Exercise goal: Go to the line with "Bague 55 Bague" in the material below and copy from there through the line with "walking in mountains Laptop Skins", exactly. Pictures are not copied.

Dataset extract:
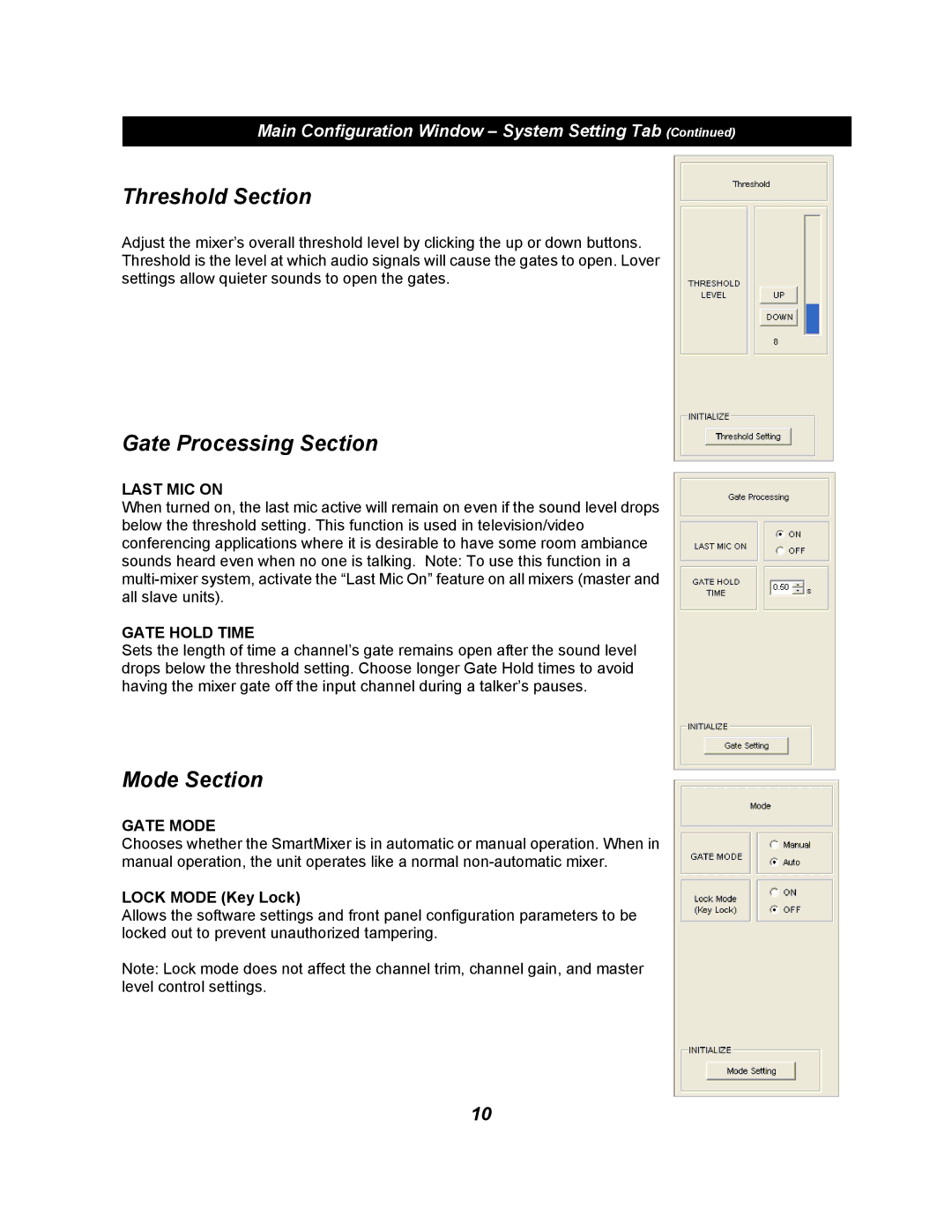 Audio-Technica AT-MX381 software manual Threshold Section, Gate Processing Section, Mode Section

...

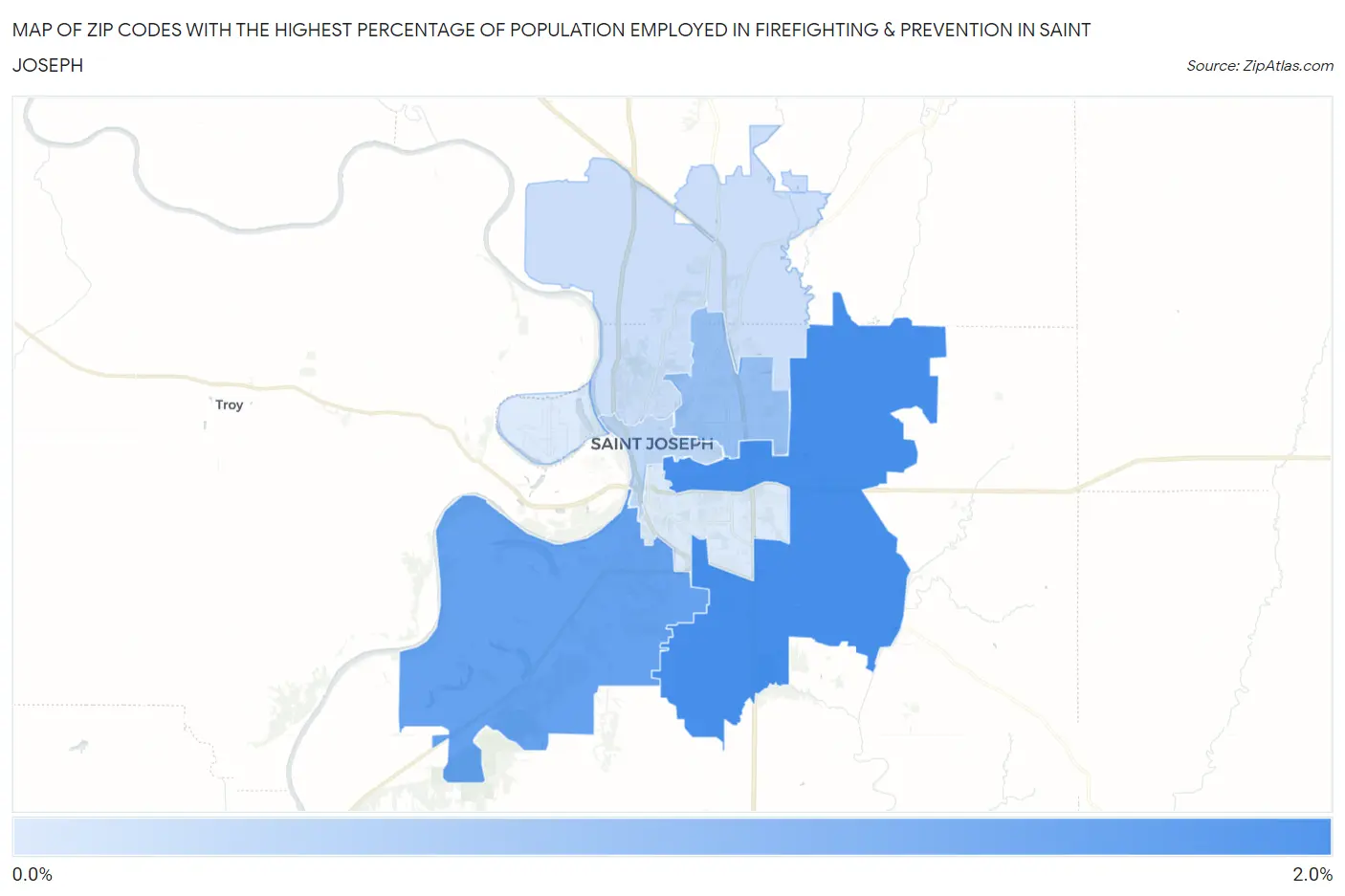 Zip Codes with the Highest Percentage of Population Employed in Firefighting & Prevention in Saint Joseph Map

---

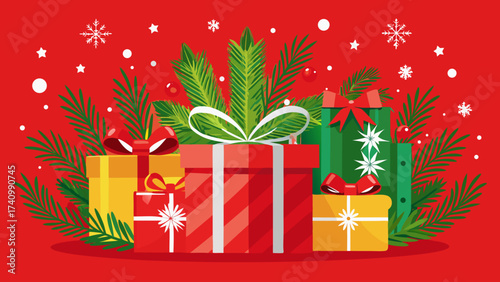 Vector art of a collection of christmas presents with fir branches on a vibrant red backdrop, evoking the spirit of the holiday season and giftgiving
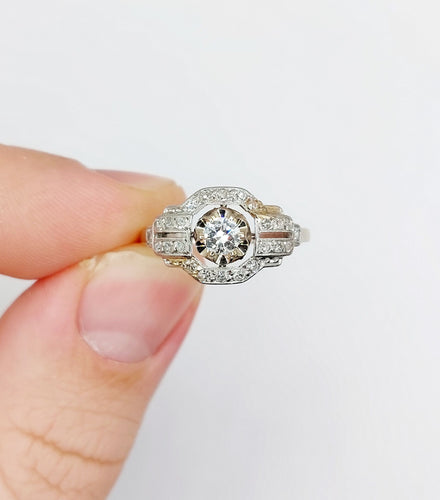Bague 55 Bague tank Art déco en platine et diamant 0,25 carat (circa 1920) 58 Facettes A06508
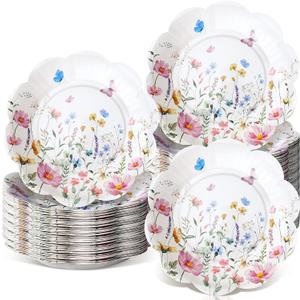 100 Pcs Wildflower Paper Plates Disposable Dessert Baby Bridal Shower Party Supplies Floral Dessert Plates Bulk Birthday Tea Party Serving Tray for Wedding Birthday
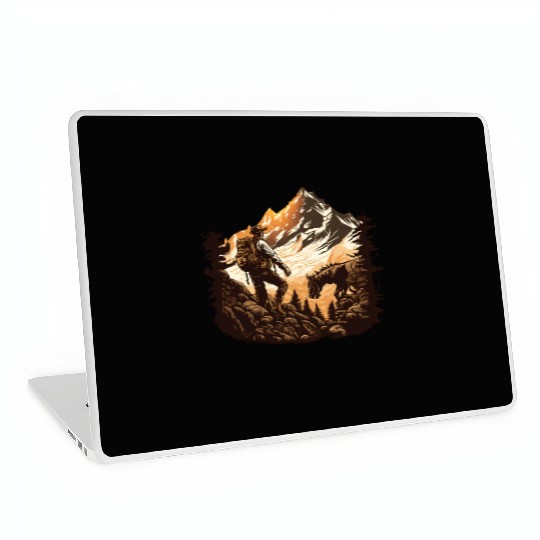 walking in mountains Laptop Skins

Written reply:
Bague 55 Bague tank Art déco en platine et diamant 0,25 carat (circa 1920) 58 Facettes A06508
 100 Pcs Wildflower Paper Plates Disposable Dessert Baby Bridal Shower Party Supplies Floral Dessert Plates Bulk Birthday Tea Party Serving Tray for Wedding Birthday
 walking in mountains Laptop Skins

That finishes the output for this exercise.